When you reach the line containing "Telephone Headset Office" in the entries below, repeat it and each line after it exactly until the entries end.

*** Opening Source data ***

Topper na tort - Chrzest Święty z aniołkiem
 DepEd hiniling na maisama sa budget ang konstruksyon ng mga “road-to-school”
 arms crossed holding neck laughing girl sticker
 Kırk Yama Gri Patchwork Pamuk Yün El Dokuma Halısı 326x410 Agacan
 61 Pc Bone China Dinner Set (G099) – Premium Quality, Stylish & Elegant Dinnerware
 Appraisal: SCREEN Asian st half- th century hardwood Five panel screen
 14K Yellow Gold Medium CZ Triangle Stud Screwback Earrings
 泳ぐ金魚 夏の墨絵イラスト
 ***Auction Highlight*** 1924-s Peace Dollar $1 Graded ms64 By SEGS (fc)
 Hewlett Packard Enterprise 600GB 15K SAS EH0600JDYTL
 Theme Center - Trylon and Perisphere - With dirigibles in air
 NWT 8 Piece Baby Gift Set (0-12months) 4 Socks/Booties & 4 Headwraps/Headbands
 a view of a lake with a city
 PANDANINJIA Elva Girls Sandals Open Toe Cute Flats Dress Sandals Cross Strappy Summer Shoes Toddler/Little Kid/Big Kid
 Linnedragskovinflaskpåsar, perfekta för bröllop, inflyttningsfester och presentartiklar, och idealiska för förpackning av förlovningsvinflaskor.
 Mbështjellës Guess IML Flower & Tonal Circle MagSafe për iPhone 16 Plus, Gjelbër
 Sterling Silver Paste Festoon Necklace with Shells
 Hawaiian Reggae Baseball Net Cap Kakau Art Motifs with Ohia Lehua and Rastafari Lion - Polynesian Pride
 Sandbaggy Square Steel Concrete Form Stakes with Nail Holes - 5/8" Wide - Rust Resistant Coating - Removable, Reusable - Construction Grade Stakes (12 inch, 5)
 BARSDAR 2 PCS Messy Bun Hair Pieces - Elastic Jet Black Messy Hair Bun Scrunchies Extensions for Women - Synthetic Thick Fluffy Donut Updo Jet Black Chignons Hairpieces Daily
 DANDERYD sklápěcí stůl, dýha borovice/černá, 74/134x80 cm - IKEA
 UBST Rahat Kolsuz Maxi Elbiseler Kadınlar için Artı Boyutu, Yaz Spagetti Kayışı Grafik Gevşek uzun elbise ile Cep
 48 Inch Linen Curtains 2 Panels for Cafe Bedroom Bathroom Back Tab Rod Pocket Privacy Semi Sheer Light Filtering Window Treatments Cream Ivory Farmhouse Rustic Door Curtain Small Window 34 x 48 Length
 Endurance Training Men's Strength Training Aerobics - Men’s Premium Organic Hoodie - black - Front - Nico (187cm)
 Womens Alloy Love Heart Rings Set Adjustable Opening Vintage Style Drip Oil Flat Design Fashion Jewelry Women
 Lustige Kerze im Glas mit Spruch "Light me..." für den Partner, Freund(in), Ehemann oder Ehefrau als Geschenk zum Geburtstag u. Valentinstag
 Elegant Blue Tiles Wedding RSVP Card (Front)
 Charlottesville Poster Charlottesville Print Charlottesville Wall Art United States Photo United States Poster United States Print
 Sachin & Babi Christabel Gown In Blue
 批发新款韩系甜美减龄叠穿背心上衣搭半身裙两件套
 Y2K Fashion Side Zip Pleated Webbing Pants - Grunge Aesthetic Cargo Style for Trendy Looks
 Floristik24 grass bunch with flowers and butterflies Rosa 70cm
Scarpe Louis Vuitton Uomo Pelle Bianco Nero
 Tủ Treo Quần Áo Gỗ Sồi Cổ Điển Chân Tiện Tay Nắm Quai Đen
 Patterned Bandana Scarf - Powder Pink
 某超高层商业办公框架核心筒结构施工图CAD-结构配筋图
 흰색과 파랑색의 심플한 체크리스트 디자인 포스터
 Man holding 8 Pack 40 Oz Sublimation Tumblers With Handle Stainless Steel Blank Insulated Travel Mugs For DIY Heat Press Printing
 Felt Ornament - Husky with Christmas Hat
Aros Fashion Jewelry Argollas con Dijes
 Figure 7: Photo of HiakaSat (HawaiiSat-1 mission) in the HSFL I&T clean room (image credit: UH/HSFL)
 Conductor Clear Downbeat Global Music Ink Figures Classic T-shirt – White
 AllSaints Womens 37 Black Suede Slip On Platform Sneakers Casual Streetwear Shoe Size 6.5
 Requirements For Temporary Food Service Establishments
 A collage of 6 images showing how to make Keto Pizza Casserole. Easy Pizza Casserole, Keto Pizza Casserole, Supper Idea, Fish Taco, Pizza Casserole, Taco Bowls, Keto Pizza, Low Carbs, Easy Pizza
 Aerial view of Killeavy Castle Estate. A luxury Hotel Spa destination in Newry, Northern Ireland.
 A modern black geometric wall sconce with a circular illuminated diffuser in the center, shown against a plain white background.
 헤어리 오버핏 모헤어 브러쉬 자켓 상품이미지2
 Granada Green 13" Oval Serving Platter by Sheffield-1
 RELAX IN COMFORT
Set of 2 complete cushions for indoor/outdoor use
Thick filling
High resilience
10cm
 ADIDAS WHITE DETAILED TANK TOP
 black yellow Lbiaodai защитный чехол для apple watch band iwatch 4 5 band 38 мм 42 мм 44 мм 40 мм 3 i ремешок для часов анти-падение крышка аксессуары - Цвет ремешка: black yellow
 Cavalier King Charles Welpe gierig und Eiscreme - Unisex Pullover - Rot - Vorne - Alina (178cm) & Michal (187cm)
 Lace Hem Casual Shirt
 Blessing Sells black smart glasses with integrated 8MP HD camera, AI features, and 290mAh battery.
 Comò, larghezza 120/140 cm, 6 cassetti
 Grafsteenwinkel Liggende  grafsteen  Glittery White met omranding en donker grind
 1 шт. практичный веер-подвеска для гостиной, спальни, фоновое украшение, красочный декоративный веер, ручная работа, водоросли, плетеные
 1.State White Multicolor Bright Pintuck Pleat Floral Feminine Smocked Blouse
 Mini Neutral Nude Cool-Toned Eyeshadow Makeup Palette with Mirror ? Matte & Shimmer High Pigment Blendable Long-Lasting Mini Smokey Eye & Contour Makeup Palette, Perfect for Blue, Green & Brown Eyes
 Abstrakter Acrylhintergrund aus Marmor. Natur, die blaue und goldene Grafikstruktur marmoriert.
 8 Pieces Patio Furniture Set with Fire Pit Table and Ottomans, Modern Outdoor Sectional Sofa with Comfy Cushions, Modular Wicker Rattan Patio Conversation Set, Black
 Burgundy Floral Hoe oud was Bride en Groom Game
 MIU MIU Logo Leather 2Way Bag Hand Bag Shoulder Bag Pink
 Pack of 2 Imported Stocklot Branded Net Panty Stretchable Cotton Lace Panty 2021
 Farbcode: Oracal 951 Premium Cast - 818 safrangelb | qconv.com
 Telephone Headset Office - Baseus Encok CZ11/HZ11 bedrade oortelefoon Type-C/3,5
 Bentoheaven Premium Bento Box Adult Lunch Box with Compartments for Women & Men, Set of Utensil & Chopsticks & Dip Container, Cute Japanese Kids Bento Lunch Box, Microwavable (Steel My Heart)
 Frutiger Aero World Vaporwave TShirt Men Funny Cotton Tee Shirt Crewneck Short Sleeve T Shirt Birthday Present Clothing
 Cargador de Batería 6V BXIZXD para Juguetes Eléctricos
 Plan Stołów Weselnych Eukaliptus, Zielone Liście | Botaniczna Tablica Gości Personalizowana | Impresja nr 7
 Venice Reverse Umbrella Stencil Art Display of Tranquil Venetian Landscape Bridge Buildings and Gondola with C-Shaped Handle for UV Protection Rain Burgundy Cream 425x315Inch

*** Closing Source data ***

Solution.
 Telephone Headset Office - Baseus Encok CZ11/HZ11 bedrade oortelefoon Type-C/3,5
 Bentoheaven Premium Bento Box Adult Lunch Box with Compartments for Women & Men, Set of Utensil & Chopsticks & Dip Container, Cute Japanese Kids Bento Lunch Box, Microwavable (Steel My Heart)
 Frutiger Aero World Vaporwave TShirt Men Funny Cotton Tee Shirt Crewneck Short Sleeve T Shirt Birthday Present Clothing
 Cargador de Batería 6V BXIZXD para Juguetes Eléctricos
 Plan Stołów Weselnych Eukaliptus, Zielone Liście | Botaniczna Tablica Gości Personalizowana | Impresja nr 7
 Venice Reverse Umbrella Stencil Art Display of Tranquil Venetian Landscape Bridge Buildings and Gondola with C-Shaped Handle for UV Protection Rain Burgundy Cream 425x315Inch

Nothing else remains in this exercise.